Saturday, September 24, 2011

Scheduling Nightmares or Why I Do Not Want to Run a Business Myself

For me, the worst part of the two months before the wedding was scheduling.  Scheduling bridesmaids, scheduling groomsmen, scheduling parents, scheduling vendors, scheduling other random people helping us, and above all else, scheduling ourselves.  I feel like I spent half of my days in July emailing people (and I swear I did spend 4+ hours a day doing this on wayyyyyyy more days than I and the people I was emailing would have liked).

This is what would have made having a wedding planner worth it to me.  Having someone else worry about how the flowers were going to get to the ceremony and who would put them up and letting said person know when and how to put them up would have been so worth the money if we had had it.  But we didn't, and I was the only person who knew everything that needed to happen, when it needed to be done, and who was going to do it.

It was maddening.  I couldn't sleep without first going over a million details in my head.  In fact, I didn't have a full night's sleep for almost two months before the wedding, and this was the biggest reason why.  I let it get to me way, way more than I should have.

Also, I should have put more on Daniel's plate so that I didn't feel the need to do everything myself.  Or maybe delegated some of the figuring out of stuff to our parents or something.  It didn't really occur to me.  Of course, I wasn't all too happy with how behind on his stuff Daniel was at the time or with the "it'll work itself out" attitude he had toward this kind of stuff (it totally DID NOT work itself out, btw), and he was soon dealing with his own personal Hell, so I would have had to do it in the end anyway.  But it was bad.  Really, really bad.  And not just for me but for the wedding party as well.  I sometimes emailed them 3+ times a day and felt horrible about it, but it was necessary because things STILL went wrong when the day finally came.
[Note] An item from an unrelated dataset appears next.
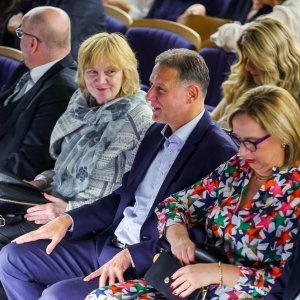 Sonja i Gordan Jandroković, Tomislav Tomašević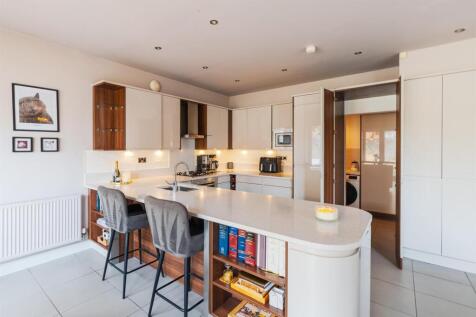 2 George Drive-37.jpg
This is the one thing that really sucked but I don't think I could have done much differently anyway, apart from trying to figure out scheduling farther in advance.  Somebody had to know everything, and it was me.  Our coordinator probably could have helped, but, well, we'll get to that soon.  For now, let's just say circumstances beyond our control were involved.

If I learned anything from all of this though, it's that I never want to do it again.  Thus the not wanting to run my own business.  Scheduling is a nightmare.  When there are more than a few people involved, all with different schedules and priorities, it's even more of a nightmare.  And if you can get someone else to do all this for you, do it.  Seriously.  It's worth it.

Did you/will you have to schedule everything for your wedding yourself?  Was it a nightmare for you?

4 comments:

  1. It's never good when there is a label called "stress" but it sounds like it's deserved! I hope all is settled :)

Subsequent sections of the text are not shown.